If you want to go with nVidia, here's a few suggestions
1. $53 (from newegg): http://www.newegg.com/Product/Product.aspx?Item=N82E16814145136" -dual output -1 DVI output -1 VGA/D-Sub output -1 S-Video output -Good driver support for linux. -DX9 support -Vista Ready 2.$60 (from newegg): http://www.newegg.com/Product/ProductReview.aspx?Item=N82E16814133007"
- This is same as above, with the following differences:
- It has a 128-bit memory interface rather than 64-bit
- It has 256mb instead of 128mb of RAM
- It is fanless. (which is good if you want quiet, bad if you want to play games for hours)
- It has no DVI output, it's two VGA connectors.
This card is much better than the first suggestion, if you don't need DVI output and won't be playing video games for hours.

3. $77 (from newegg): http://www.newegg.com/Product/Product.aspx?Item=N82E16814145087" - This is the best of both worlds, but is more expensive and has a fan. Get this if you want to upgrade to Windows Vista and use the Aero desktop and you need a DVI connector. Otherwise, I think one of the other ones would be better for you. Well, I hope this helps. :) Last edited by a moderator: #### simien60 I found this items: XFX GeForce 6200 Video Card (256MB, AGP 8X, DVI) - http://www.smartratings.com/prices/mid_15806413 ATI Radeon X1300 Video Card (256MB, PCI Express x16) - http://www.smartratings.com/prices/mid_14679364 [Broken] This is just one of the few that can be found on this site, (http://www.smartratings.com/computers/video_cards [Broken]). I hope it helps. Last edited by a moderator: #### radou Homework Helper Oh, thanks for pointing that out, I would have probably never noticed until I got him and attempted to install it. My entire computer is about 5 years old, and I think I have PCI, but I guess I will have to make sure before I buy a new card. Thanks! Definitely make sure if your motherboard supports PCI, since 5 years is pretty old. Mine is about 3 years old, and doesn't support PCI. Btw, I just bought the ATI Radeon Sapphire x1650 card, and it's great, specially when you take the price into account, which is ~150$.

As an example, TES IV: Oblivion runs quite nice on my computer right now.

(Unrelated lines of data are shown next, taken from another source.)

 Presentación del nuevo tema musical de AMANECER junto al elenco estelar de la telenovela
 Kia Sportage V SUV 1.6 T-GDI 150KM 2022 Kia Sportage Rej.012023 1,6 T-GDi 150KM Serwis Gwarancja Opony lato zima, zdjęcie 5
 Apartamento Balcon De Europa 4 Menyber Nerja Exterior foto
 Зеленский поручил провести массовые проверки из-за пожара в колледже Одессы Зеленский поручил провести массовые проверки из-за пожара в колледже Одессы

If you don't need it for gaming, then it's even more than a good card, but you could get a cheaper one, though.

#### imabug

the primary graphics interface on a 5 year old MB is likely to be AGP. If you look at the motherboard, you should see a row of PCI slots along with another board connector that is probably slightly offset and likely a different colour from the others. There will probably be some kind of plastic clip retaining/locking device on that connector. If your graphics card is in this slot, then you'll need an AGP card. If your graphics card is in one of the slots that are all lined up together, then you'll be looking for a PCI card.

#### mattmns

The slot the graphics card is in is a little offset from the other slots (there is also a little hook so that you have to slide the card in at an angle, it works like a hinge of a door).

However, when I check out the device manager in windows XP it says the following for the graphics card.

Location: PCI bus 1, device 0, function 0

I would think this would mean that I have a PCI slot?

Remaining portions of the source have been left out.